Polluting vehicles will have to pay to enter special zones in the city centers of five major British cities under an air quality drive announced Thursday by the government. It will be the first time a charging system is introduced in provincial cities to deter most polluting diesel-engined, such as old buses, taxis, coaches and lorries.
The new Clean Air Zones will be introduced by 2020 in Birmingham, Leeds, Nottingham, Derby and Southampton, the Department for Environment announced. Private cars will not be included in the new restrictions.

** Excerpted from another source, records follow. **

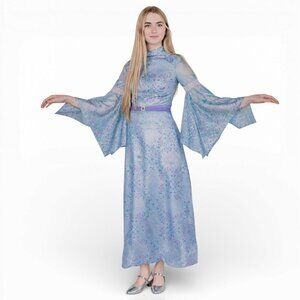 Vintage 1970s Alfred Shaheen Butterfly Print Maxi Dress * Medium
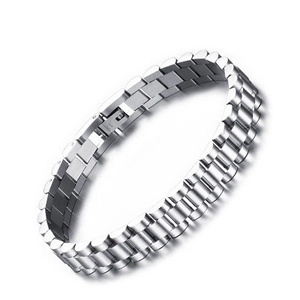 Heren Roestvrij Staal Horlogeband Stijl Armband Gepolijst Geborsteld Tweekleurig Goud Zilver Metalen Schakelarmband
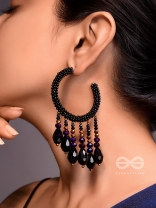 Tamisra- The Melting Night- Glass Drops and Beads Embroidered Hoop Earrings
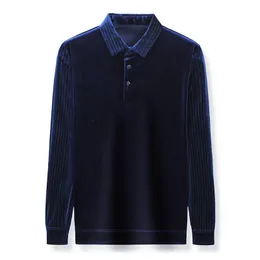 Nowa wysokiej jakości Złote Velvet Luxury Polo Shirt Men Spring Long Rleeve koszulka Homme Casual Slim Fit Camisa Polos T1129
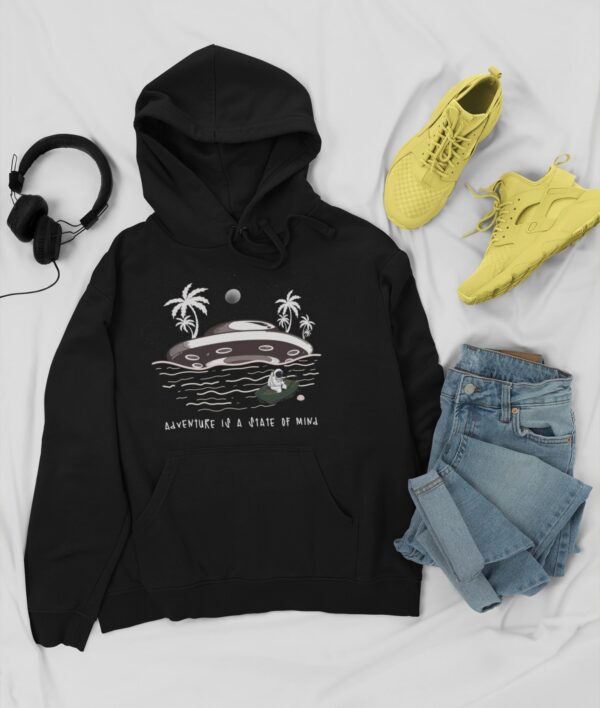 outfit mockup featuring a pullover hoodie next to trendy sneakers and jeans 26334 1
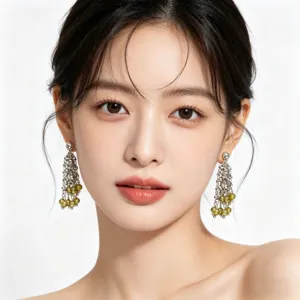 Elegante retrato de una mujer con pendientes de diseño con cuentas verdes y borlas largas
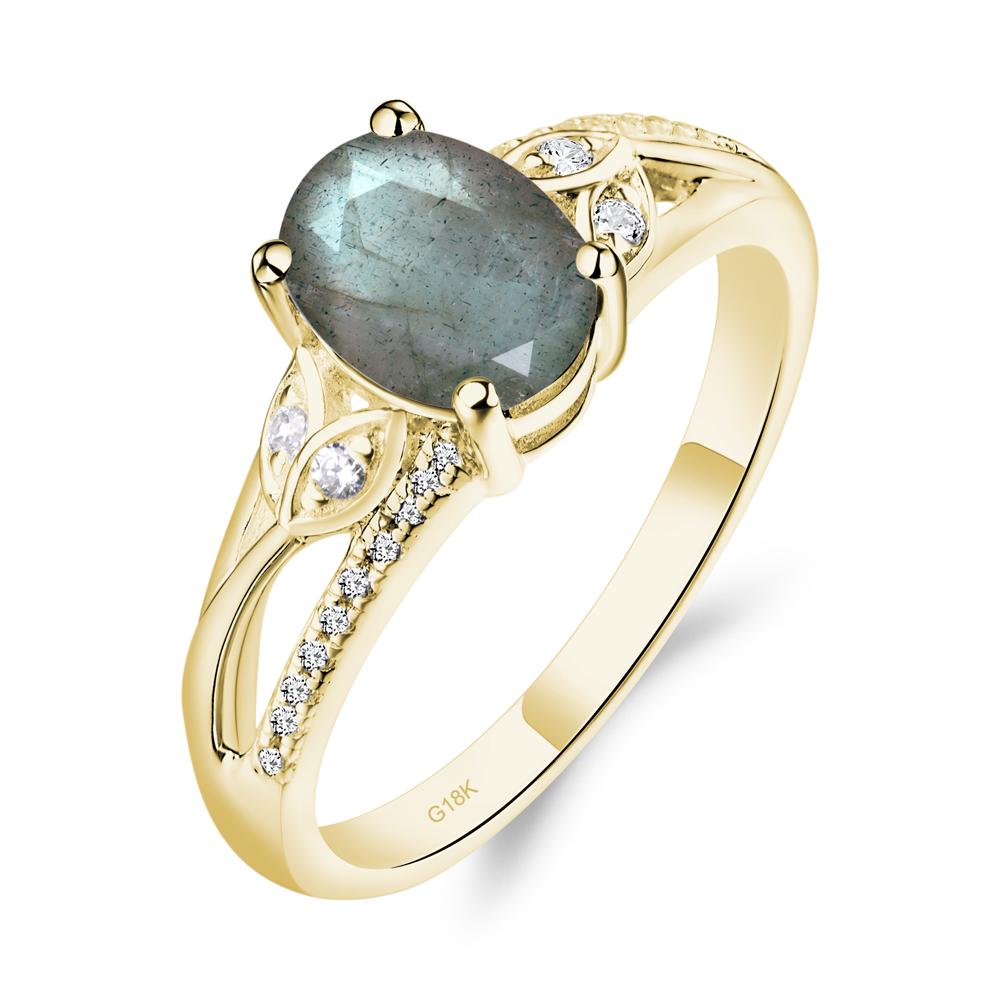 Oval Cut Labradorite Ring - LUO Jewelry #metal_18k yellow gold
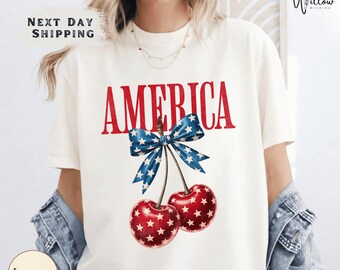4th of July Coquette Cherries USA Comfort Colors Shirt, 250th Anniversary America Bow Independence Day Shirt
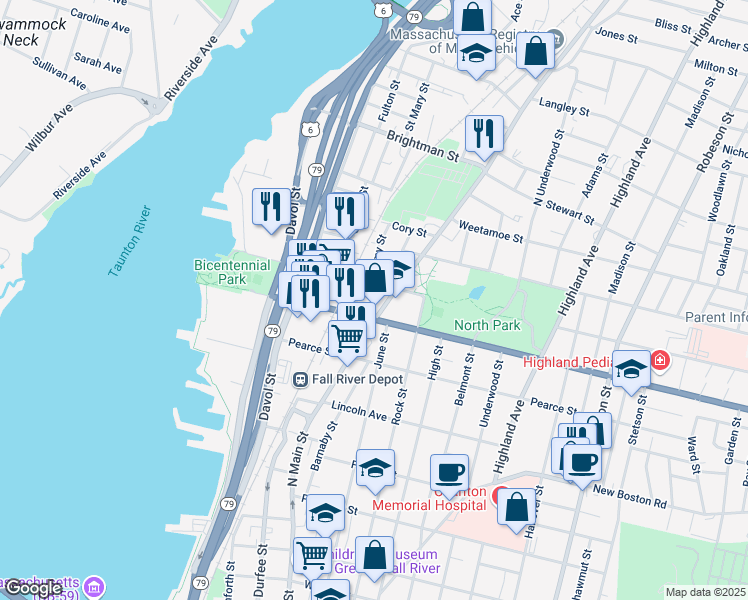 map of restaurants, bars, coffee shops, grocery stores, and more near 1114 North Main Street in Fall River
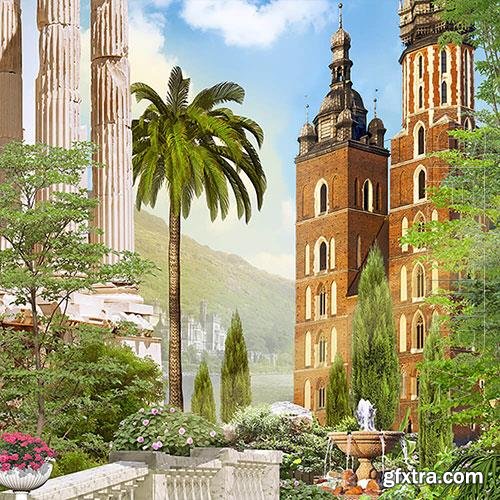 3D texture ancient buildings and palm trees with flowers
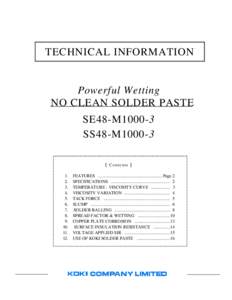 TECHNICAL INFORMATION  Powerful Wetting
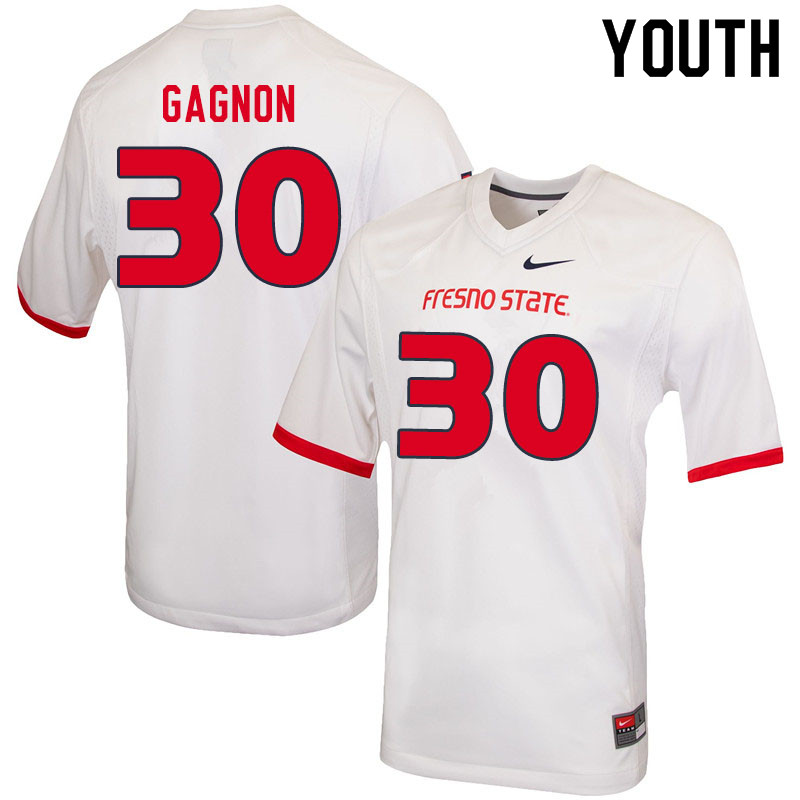 Youth #30 Kenny Gagnon Fresno State Bulldogs College Football Jerseys Sale-White - Click Image to Close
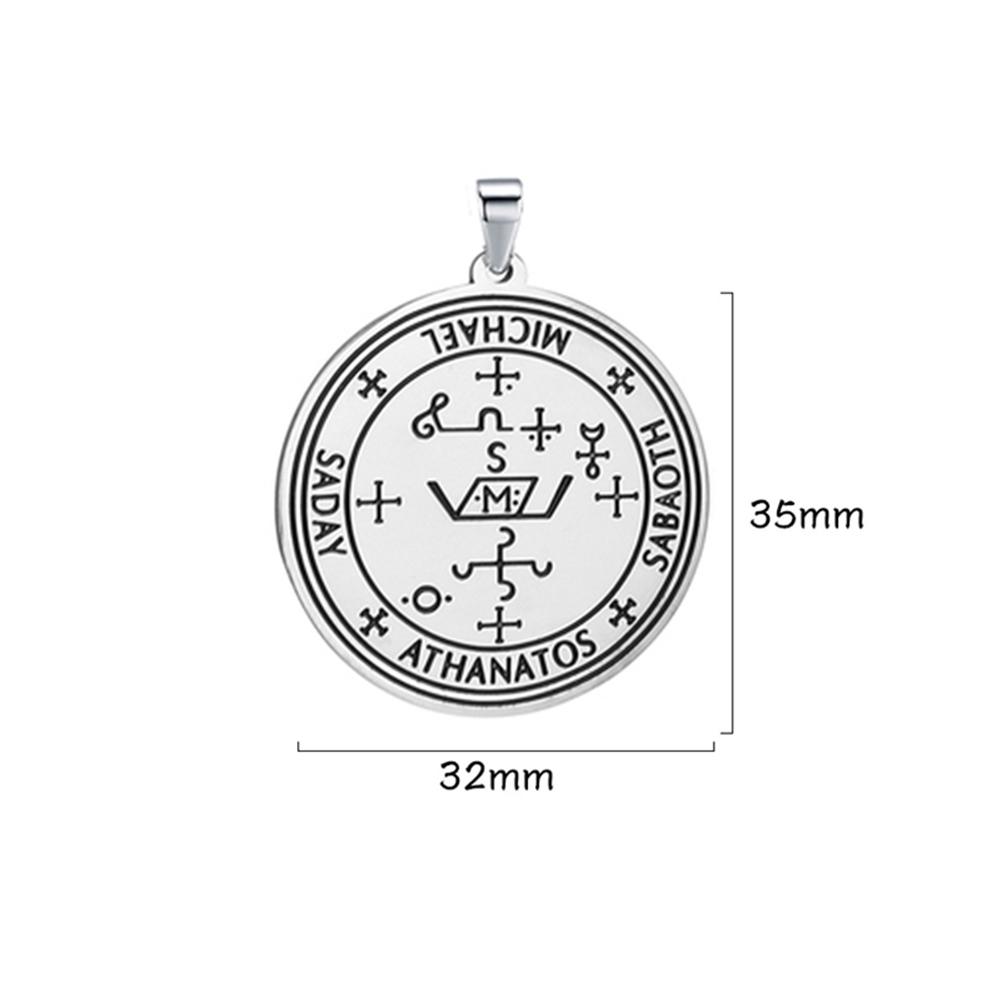 

Teamer King of Solomon Pendant Archangel Michael Sigil Pendants Protection Courage Power Strength Amulet Stainless Steel Jewelry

A department spokesman said the plans set out a comprehensive approach by introducing targeted local measures to tackle the most polluting vehicles in a number of air quality hotspots, alongside national action.
The Clean Air Zones will be targeted at areas of each city where the air quality problem is most serious. The Zones aim to reduce pollution in city centers and encourage the replacement of old, polluting vehicles with modern, cleaner vehicles.
Similar zones in Germany and Denmark have been shown to lead to an improvement in air quality, said the government spokesman. The 2020 deadline has been set to give businesses time to prepare for the change in order to minimise the impact.
No announcements have yet been made on proposed charges, but city councils will only be able to set charges at levels designed to reduce pollution. They will not be allowed to apply a scale of charges to raise extra money beyond recovering the costs of the scheme.
Environment Secretary Elizabeth Truss said: "Our Clean Air Zones are targeted on the largest vehicles, whilst not affecting car owners and minimising the impact on business." "We want to ensure people can continue to drive into city centers and by targeting action at the most polluting coaches, taxis, buses and lorries we will encourage the use of cleaner vehicles," said Truss.
Many companies in Britain have already started to update their fleets of vehicles to modern, cleaner vehicles. Over the past five years the British government has committed over 3 billion U.S. dollars to help bus operators upgrade their fleets, reduce pollution from a range of vehicles such as refuse trucks and fire engines through cutting edge technologies, and promote the development of clean alternative fuels such as powering taxies with Liquid Petroleum Gas.
In London, Mayor Boris Johnson has a well-developed strategy for improving air quality in the capital by 2025, including the implementation of an ultra-low emission zone by 2020, retro-fitting of buses and licensing new taxis to be zero emission capable from 2018.